My family and I have been holidaying in Charmouth each year since 2003 and we have noticed many changes over the years. The most dramatic changes are the three hills along the beach, Stonebarrow, St Gabriel’s and Golden Cap. Each year when we come back to Charmouth we notice that more and more of these spectacular hills have slipped away onto the beach and the hills becomes harder to climb. This year, whilst climbing Stonebarrow hill, we noticed big cracks in the ground, almost as if it was a volcano. We found this extremely terrifying as next year we may not be able to climb these hills at all!

These landslides occur when permeable sandstone rests on impermeable clays. Water from high-rainfall events seep through the porous sandstone and the clay below becomes saturated. This causes it to become weaker and the clay slumps along the limestone beds, carrying the overlaying sandstone with it.
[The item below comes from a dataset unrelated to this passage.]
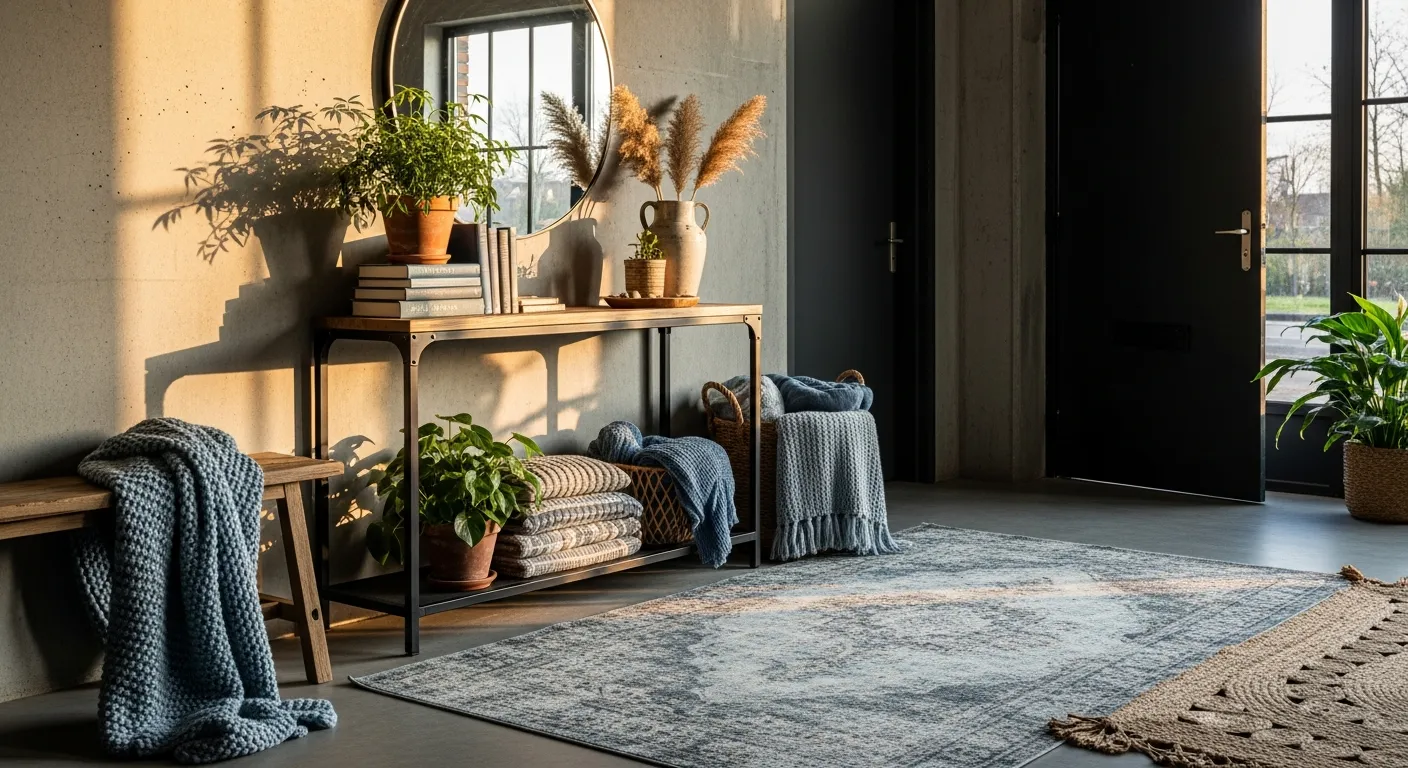 Rustic wood and dark metal console table against a soft dusty blue wall in an industrial foyer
The water may weaken the rock, but it increases its weight. When the water enters the rock it increases the risk of small movements in the rock, which in turn opens up cracks in the land surface. Then when weight is put onto the land by people climbing the hill, the rock gives way. This is a landslide.

Hopefully next summer, Stonebarrow, St Gabriel’s and Golden Cap will still be as we last saw them, but walkers are advised to use alternative paths to access these hills. Remember, these hills are very unstable. Plenty of fossils can be found on the beach!